Just Let Them Play

The stress of and solutions to introducing your kids to golf
Just Let Them Play Shane Bacon

There is a unique pressure to being a golfer parent with young kids. You conspire about ways to get them into the game, constantly searching for the key to unlock how they can share the love you have for our weird, beautiful sport. My kids are both under 3 and I’m already daydreaming about the golf trips we will take. But how do I get there?

We’ve all seen the overzealous parents on the driving range trying to hammer the game into their kids, unwittingly making them hate the game we love. That’s clearly not it. So, as my son approaches 3 years old, I’ve been reaching out to people I respect for advice.

My good buddy Joel Klatt, father of three boys, told me that once the kids show any interest in actually playing golf—not just driving the cart or checking out turtles by the pond—you have to make it a game within the game. Play one hole for real: Everyone tees off and hits it until we’re all finished. Then the next hole is whatever the kids want to do: throw rocks in the pond, go look at those turtles, play in the bunker, whatever. Everybody wins.

Tom Coyne, a name familiar to everyone reading this publication, sent me an amazing note about how his father approached the game when young Tom dreamed of making it big in this profession.
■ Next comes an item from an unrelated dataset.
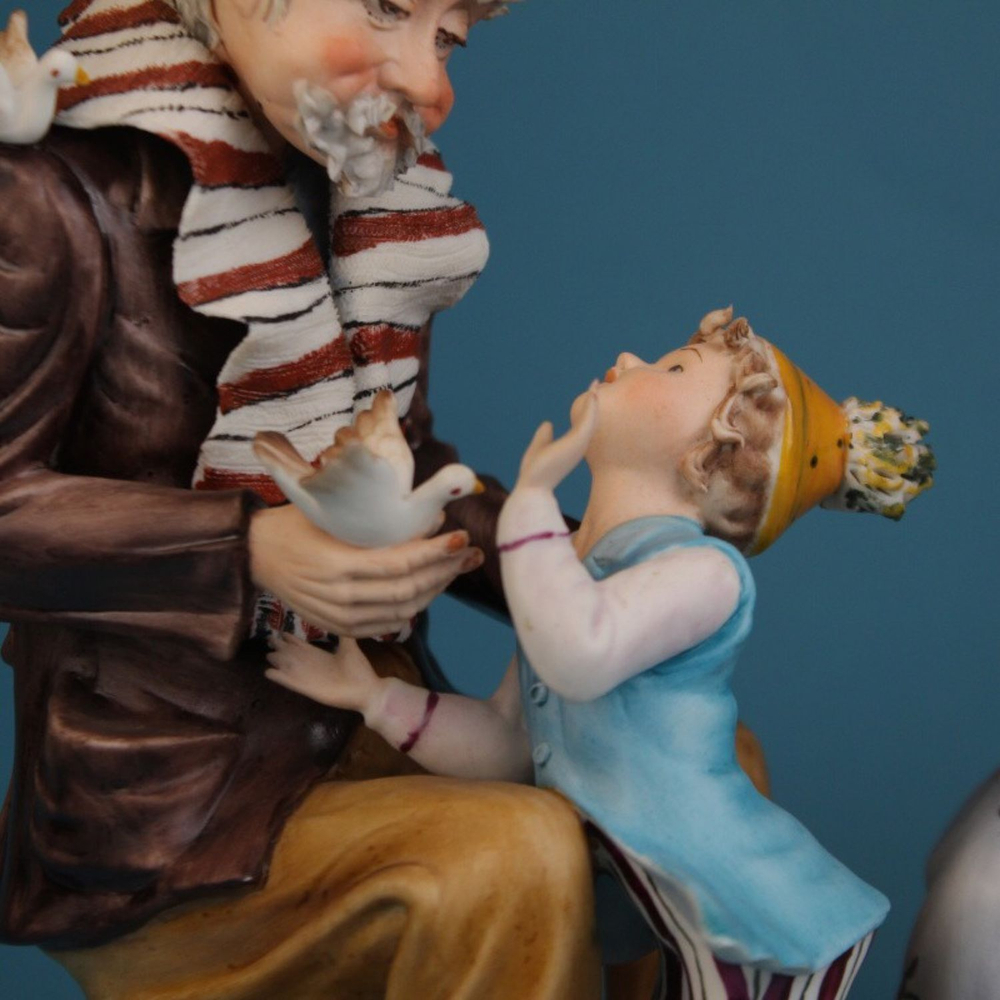 Винтаж: Фарфоровая мануфактура Capodimonte «Молодое поколение»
Tom said that whenever he played in tournaments, his dad would stay home. “He explained to me years later how hard it was to not be there watching me play,” Tom told me, “but he stayed away because he wanted to leave my golf to me. He didn’t want to add pressure if things went south, nor did he want to somehow steal any of the shine should things go well.”
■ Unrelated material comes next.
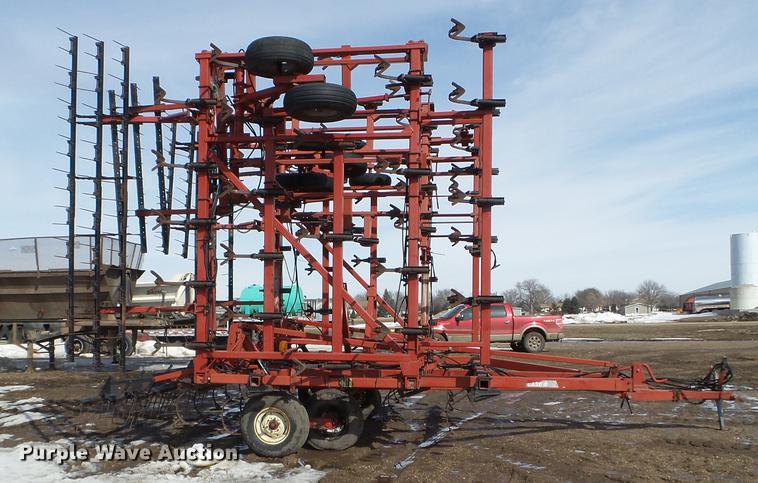 image for item EW9980 Case IH 4300 field cultivator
Hey, Mr. Coyne: Your boy made it!

My uncle, a man whose selflessness and wisdom I deeply admire, broke it down to base level: Just take them to the range and let them take whacks. “Line the ball up with your zipper, stand tall and bust it,” Uncle Doug told me. What kid wouldn’t want to hear something so easygoing as they’re watching every adult on that same driving range try to recreate the RV scene from Tin Cup? Keep it simple, stupid.
I have friends who purchased shiny new clubs for their kids—even signed them up for lessons—before they could actually lift said clubs. Golfers are, if nothing else, prepared. Call us a more degenerate group of Scouts. But we sure as hell can’t build a fire out of wet wood.

I’ve decided my approach will be a mixture of them all, with a focus on allowing my children to decide for themselves if they’re going to love this game at an early age or if it’ll come later in life, when pick-up basketball is an afterthought and the baseball glove is catching only shelf dust.

It will be fun first. If they ask for it, then we’ll make it competitive. I’ll let them enjoy it as much as possible before they realize what a snap hook means or feel the sting of a bladed 4-iron.

And as for my dad’s advice? “You just liked it, right away,” he told me. Hopefully my kids make it that easy.